_What to work on_.
Restating the data exactly is the whole task.

Short descriptive text snippets
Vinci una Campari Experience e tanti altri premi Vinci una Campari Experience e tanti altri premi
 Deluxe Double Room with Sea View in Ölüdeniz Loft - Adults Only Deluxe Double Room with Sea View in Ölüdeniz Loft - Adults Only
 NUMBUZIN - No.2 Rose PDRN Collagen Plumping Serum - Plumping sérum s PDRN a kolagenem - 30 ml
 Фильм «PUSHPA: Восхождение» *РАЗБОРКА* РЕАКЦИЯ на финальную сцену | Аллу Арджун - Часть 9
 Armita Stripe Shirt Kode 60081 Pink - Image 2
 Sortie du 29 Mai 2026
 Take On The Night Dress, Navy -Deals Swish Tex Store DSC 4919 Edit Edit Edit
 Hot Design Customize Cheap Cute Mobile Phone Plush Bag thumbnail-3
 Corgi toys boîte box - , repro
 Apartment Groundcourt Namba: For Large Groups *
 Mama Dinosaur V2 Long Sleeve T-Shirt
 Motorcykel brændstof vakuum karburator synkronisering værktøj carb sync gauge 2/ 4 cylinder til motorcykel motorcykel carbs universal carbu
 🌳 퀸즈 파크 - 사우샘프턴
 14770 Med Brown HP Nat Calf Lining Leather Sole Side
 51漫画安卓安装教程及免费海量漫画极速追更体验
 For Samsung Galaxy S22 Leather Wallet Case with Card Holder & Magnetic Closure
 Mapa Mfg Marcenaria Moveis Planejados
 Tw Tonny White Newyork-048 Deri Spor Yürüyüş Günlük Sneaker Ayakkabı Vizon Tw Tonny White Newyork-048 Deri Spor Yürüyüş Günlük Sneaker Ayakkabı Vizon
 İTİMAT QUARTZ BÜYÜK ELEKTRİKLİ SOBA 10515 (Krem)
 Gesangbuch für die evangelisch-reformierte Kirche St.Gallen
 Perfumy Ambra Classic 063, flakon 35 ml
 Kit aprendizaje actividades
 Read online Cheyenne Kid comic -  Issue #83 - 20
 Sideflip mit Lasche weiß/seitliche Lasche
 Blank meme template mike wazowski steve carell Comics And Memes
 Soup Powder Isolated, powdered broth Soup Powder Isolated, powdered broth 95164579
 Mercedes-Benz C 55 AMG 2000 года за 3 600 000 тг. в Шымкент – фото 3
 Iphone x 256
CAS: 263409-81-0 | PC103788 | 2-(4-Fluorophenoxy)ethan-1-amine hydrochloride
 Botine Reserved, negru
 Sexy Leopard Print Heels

_Solution to this task_.
Vinci una Campari Experience e tanti altri premi Vinci una Campari Experience e tanti altri premi
 Deluxe Double Room with Sea View in Ölüdeniz Loft - Adults Only Deluxe Double Room with Sea View in Ölüdeniz Loft - Adults Only
 NUMBUZIN - No.2 Rose PDRN Collagen Plumping Serum - Plumping sérum s PDRN a kolagenem - 30 ml
 Фильм «PUSHPA: Восхождение» *РАЗБОРКА* РЕАКЦИЯ на финальную сцену | Аллу Арджун - Часть 9
 Armita Stripe Shirt Kode 60081 Pink - Image 2
 Sortie du 29 Mai 2026
 Take On The Night Dress, Navy -Deals Swish Tex Store DSC 4919 Edit Edit Edit
 Hot Design Customize Cheap Cute Mobile Phone Plush Bag thumbnail-3
 Corgi toys boîte box - , repro
 Apartment Groundcourt Namba: For Large Groups *
 Mama Dinosaur V2 Long Sleeve T-Shirt
 Motorcykel brændstof vakuum karburator synkronisering værktøj carb sync gauge 2/ 4 cylinder til motorcykel motorcykel carbs universal carbu
 🌳 퀸즈 파크 - 사우샘프턴
 14770 Med Brown HP Nat Calf Lining Leather Sole Side
 51漫画安卓安装教程及免费海量漫画极速追更体验
 For Samsung Galaxy S22 Leather Wallet Case with Card Holder & Magnetic Closure
 Mapa Mfg Marcenaria Moveis Planejados
 Tw Tonny White Newyork-048 Deri Spor Yürüyüş Günlük Sneaker Ayakkabı Vizon Tw Tonny White Newyork-048 Deri Spor Yürüyüş Günlük Sneaker Ayakkabı Vizon
 İTİMAT QUARTZ BÜYÜK ELEKTRİKLİ SOBA 10515 (Krem)
 Gesangbuch für die evangelisch-reformierte Kirche St.Gallen
 Perfumy Ambra Classic 063, flakon 35 ml
 Kit aprendizaje actividades
 Read online Cheyenne Kid comic -  Issue #83 - 20
 Sideflip mit Lasche weiß/seitliche Lasche
 Blank meme template mike wazowski steve carell Comics And Memes
 Soup Powder Isolated, powdered broth Soup Powder Isolated, powdered broth 95164579
 Mercedes-Benz C 55 AMG 2000 года за 3 600 000 тг. в Шымкент – фото 3
 Iphone x 256
CAS: 263409-81-0 | PC103788 | 2-(4-Fluorophenoxy)ethan-1-amine hydrochloride
 Botine Reserved, negru
 Sexy Leopard Print Heels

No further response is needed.